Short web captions
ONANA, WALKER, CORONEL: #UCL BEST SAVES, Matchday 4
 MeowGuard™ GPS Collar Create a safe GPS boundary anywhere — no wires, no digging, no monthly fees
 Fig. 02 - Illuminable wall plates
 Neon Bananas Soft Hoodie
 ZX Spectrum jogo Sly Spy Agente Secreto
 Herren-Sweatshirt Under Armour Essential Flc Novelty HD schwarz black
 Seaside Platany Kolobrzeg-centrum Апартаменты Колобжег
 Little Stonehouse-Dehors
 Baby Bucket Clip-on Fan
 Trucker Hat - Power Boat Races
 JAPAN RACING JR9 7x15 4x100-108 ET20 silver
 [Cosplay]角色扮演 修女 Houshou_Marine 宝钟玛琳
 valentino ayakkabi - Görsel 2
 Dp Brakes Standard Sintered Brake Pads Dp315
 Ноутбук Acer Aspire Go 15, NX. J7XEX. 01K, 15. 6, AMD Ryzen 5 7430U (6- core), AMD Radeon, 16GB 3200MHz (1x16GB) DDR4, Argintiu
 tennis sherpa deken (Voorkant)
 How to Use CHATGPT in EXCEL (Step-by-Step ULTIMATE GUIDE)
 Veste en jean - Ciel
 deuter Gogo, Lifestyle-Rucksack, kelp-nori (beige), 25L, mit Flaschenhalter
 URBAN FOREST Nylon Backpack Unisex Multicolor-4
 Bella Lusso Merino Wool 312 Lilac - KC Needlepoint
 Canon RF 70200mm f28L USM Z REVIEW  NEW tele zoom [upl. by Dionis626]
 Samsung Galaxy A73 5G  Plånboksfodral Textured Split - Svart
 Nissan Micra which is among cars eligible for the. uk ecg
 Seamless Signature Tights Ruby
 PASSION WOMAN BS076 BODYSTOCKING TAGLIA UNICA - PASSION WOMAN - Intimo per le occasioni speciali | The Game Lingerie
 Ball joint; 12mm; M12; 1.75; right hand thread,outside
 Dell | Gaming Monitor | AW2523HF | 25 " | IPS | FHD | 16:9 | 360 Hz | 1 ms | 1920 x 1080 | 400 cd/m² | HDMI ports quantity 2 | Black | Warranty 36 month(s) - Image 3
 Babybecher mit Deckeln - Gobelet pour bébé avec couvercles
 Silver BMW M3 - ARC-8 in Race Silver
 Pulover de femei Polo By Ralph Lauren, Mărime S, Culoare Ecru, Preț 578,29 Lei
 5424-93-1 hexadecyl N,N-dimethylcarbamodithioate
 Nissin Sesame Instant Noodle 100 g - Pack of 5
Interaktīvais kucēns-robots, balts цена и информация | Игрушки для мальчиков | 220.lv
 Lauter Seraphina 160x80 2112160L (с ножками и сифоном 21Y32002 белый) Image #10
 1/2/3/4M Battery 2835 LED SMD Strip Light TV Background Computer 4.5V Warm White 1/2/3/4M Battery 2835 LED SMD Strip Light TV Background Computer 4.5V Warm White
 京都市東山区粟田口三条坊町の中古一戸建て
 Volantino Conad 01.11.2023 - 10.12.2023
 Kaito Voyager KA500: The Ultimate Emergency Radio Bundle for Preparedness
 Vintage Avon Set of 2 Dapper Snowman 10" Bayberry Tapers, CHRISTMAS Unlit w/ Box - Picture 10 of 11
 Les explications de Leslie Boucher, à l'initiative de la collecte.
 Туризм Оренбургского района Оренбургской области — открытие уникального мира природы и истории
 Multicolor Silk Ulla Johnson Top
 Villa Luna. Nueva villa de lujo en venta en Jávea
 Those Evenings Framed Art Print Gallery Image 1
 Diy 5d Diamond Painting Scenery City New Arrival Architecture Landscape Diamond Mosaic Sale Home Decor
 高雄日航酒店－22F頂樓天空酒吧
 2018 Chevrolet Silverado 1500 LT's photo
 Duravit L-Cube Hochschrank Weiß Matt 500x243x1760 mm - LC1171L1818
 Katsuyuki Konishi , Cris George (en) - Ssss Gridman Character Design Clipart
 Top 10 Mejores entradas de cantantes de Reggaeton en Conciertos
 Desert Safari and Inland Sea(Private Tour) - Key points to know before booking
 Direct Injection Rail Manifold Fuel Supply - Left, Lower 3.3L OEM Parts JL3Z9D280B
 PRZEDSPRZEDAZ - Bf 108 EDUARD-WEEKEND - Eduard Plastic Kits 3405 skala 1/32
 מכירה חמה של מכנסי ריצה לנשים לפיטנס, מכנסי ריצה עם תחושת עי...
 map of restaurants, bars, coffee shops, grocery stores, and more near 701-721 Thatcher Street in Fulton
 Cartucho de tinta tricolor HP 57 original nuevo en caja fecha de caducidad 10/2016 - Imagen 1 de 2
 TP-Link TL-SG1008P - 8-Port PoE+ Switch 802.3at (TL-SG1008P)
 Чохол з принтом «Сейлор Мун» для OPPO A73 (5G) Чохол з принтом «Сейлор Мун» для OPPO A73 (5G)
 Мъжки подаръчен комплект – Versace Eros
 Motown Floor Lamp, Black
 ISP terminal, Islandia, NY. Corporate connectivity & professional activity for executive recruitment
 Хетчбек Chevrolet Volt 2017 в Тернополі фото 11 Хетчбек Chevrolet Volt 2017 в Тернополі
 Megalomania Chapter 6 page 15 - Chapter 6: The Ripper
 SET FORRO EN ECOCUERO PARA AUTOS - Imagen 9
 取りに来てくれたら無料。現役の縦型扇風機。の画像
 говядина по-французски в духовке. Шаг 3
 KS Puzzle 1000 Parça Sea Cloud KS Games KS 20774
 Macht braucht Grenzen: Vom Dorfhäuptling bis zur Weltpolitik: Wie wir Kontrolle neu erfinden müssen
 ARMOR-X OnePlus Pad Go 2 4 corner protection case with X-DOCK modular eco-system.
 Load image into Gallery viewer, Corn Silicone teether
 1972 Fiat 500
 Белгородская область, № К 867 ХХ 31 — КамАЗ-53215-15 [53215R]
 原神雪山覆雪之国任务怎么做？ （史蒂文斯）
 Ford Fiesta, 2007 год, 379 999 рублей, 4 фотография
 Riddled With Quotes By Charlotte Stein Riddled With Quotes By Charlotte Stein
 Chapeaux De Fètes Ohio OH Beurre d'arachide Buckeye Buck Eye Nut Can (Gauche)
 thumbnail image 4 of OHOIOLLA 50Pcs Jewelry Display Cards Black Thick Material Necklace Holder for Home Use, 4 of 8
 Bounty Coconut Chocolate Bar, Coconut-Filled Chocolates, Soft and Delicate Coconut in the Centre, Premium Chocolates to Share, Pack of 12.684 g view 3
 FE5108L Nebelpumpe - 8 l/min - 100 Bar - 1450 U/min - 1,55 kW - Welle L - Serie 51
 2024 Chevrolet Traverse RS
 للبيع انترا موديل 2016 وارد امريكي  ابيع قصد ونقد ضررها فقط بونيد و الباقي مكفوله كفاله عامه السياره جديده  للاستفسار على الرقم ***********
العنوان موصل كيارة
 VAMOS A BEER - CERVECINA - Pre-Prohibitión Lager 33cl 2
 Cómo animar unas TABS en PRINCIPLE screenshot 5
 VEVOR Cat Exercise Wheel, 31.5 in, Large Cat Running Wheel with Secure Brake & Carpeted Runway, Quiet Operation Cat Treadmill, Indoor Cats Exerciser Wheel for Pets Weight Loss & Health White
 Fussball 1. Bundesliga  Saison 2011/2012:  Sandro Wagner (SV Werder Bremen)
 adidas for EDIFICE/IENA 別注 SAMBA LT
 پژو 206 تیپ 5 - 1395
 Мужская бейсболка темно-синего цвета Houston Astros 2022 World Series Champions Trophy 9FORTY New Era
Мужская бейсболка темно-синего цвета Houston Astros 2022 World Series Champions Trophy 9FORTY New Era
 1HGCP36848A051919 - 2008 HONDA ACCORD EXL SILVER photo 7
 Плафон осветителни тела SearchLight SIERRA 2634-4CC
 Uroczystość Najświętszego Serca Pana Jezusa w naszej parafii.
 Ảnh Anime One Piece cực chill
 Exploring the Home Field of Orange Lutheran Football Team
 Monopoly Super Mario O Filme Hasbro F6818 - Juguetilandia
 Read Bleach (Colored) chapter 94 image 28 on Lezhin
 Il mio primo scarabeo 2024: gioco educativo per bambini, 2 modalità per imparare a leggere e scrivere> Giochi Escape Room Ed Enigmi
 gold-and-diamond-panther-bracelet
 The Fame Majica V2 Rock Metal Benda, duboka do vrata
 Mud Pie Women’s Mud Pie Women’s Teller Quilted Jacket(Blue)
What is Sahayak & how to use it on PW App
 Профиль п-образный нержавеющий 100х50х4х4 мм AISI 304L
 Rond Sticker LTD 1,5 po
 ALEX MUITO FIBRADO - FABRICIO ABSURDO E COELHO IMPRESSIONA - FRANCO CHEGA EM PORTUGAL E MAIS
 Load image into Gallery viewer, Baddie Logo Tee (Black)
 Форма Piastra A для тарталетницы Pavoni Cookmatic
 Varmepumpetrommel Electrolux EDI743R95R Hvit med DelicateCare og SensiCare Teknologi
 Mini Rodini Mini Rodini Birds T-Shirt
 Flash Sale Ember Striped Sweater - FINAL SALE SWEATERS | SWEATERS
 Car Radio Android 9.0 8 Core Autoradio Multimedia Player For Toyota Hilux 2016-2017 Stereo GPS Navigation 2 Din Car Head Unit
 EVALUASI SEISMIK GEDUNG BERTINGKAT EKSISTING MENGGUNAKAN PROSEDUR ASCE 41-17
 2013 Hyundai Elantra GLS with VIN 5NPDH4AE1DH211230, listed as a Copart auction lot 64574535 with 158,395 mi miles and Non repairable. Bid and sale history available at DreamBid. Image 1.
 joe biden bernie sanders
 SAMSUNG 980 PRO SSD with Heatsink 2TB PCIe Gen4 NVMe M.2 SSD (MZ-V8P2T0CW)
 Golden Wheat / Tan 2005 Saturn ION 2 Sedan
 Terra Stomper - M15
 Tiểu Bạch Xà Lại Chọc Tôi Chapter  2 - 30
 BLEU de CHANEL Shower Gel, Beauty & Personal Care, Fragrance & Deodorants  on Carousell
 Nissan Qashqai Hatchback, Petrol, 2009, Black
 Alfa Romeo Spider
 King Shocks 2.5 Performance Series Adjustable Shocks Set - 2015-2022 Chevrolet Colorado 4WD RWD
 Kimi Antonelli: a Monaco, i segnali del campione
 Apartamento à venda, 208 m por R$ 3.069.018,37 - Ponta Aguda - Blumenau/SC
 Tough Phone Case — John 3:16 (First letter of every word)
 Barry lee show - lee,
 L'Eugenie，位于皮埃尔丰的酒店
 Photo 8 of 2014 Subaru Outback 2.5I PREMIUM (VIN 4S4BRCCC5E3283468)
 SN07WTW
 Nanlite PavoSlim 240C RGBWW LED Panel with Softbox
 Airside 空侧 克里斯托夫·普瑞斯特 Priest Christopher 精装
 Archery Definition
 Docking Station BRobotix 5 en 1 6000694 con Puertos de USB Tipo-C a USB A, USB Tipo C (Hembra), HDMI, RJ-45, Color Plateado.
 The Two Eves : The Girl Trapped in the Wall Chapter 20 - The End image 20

• WHAT IS BEING ASKED:
Return, line for line and unchanged, the data from its first line through the line containing "Ball joint; 12mm;".

• COMPLETED TASK:
ONANA, WALKER, CORONEL: #UCL BEST SAVES, Matchday 4
 MeowGuard™ GPS Collar Create a safe GPS boundary anywhere — no wires, no digging, no monthly fees
 Fig. 02 - Illuminable wall plates
 Neon Bananas Soft Hoodie
 ZX Spectrum jogo Sly Spy Agente Secreto
 Herren-Sweatshirt Under Armour Essential Flc Novelty HD schwarz black
 Seaside Platany Kolobrzeg-centrum Апартаменты Колобжег
 Little Stonehouse-Dehors
 Baby Bucket Clip-on Fan
 Trucker Hat - Power Boat Races
 JAPAN RACING JR9 7x15 4x100-108 ET20 silver
 [Cosplay]角色扮演 修女 Houshou_Marine 宝钟玛琳
 valentino ayakkabi - Görsel 2
 Dp Brakes Standard Sintered Brake Pads Dp315
 Ноутбук Acer Aspire Go 15, NX. J7XEX. 01K, 15. 6, AMD Ryzen 5 7430U (6- core), AMD Radeon, 16GB 3200MHz (1x16GB) DDR4, Argintiu
 tennis sherpa deken (Voorkant)
 How to Use CHATGPT in EXCEL (Step-by-Step ULTIMATE GUIDE)
 Veste en jean - Ciel
 deuter Gogo, Lifestyle-Rucksack, kelp-nori (beige), 25L, mit Flaschenhalter
 URBAN FOREST Nylon Backpack Unisex Multicolor-4
 Bella Lusso Merino Wool 312 Lilac - KC Needlepoint
 Canon RF 70200mm f28L USM Z REVIEW  NEW tele zoom [upl. by Dionis626]
 Samsung Galaxy A73 5G  Plånboksfodral Textured Split - Svart
 Nissan Micra which is among cars eligible for the. uk ecg
 Seamless Signature Tights Ruby
 PASSION WOMAN BS076 BODYSTOCKING TAGLIA UNICA - PASSION WOMAN - Intimo per le occasioni speciali | The Game Lingerie
 Ball joint; 12mm; M12; 1.75; right hand thread,outside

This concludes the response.